The United States Supreme Court has begun undermining marriage equality, just two years after it became the law of the land.
In deciding not to take up Pidgeon v. Turner, the court has said same-sex married couples are not de facto entitled to benefits.
The ruling by the Texas Supreme Court sided with Jack Pidgeon and Larry Hicks, who sued the City of Houston, and then mayor Annise Parker.
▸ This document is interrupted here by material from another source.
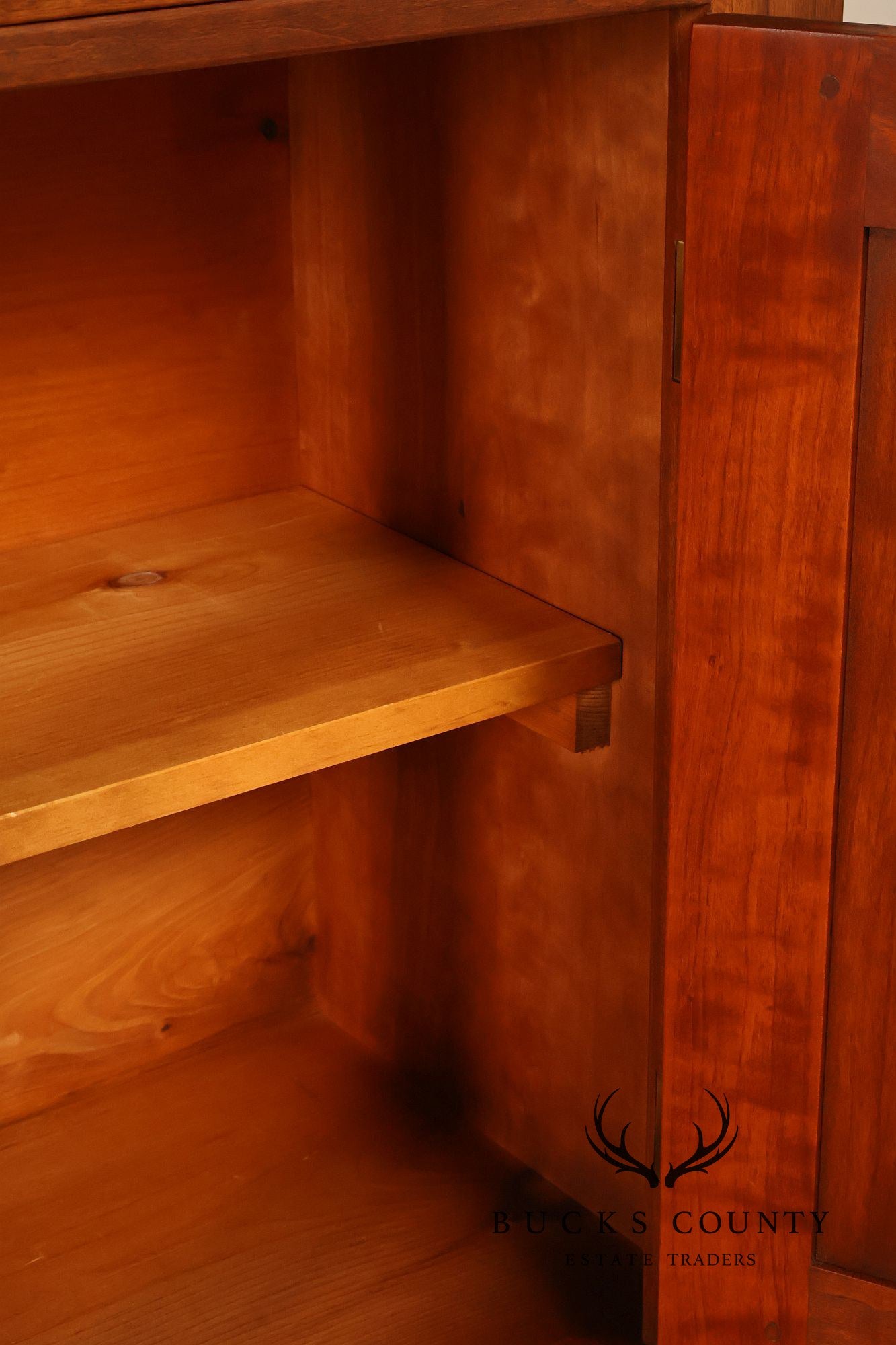 D.R. Dimes Cherry Two Piece Step Back Country Hutch Cabinet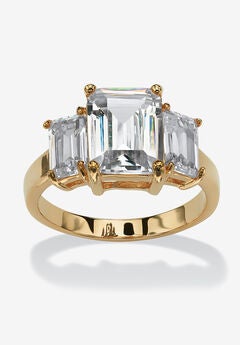 Gold Plated Emerald Rings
The suit came in response to Parker extending benefits to the same-sex spouses of city employees.
The decision to not take up the case by the U.S. Supreme Court, doing so without comment, is especially troubling considering it is about to hear a so-called “religious freedom” case involving a Colorado baker who refused to make a cake for a same-sex wedding.
If the court rules in favor of the baker, Jack Phillips, it could set another precedent of granting those with anti-LGBTQ views a license to discriminate.
“With all eyes on tomorrow’s oral arguments in the Masterpiece Cakeshop religious exemptions case, the Supreme Court has just let an alarming ruling by the Texas Supreme Court stand which plainly undercuts the rights of married same-sex couples,” said Sarah Kate Ellis, President and CEO of GLAAD, in a statement. “Today’s abnegation by the nation’s highest court opens the door for an onslaught of challenges to the rights of LGBTQ people at every step.”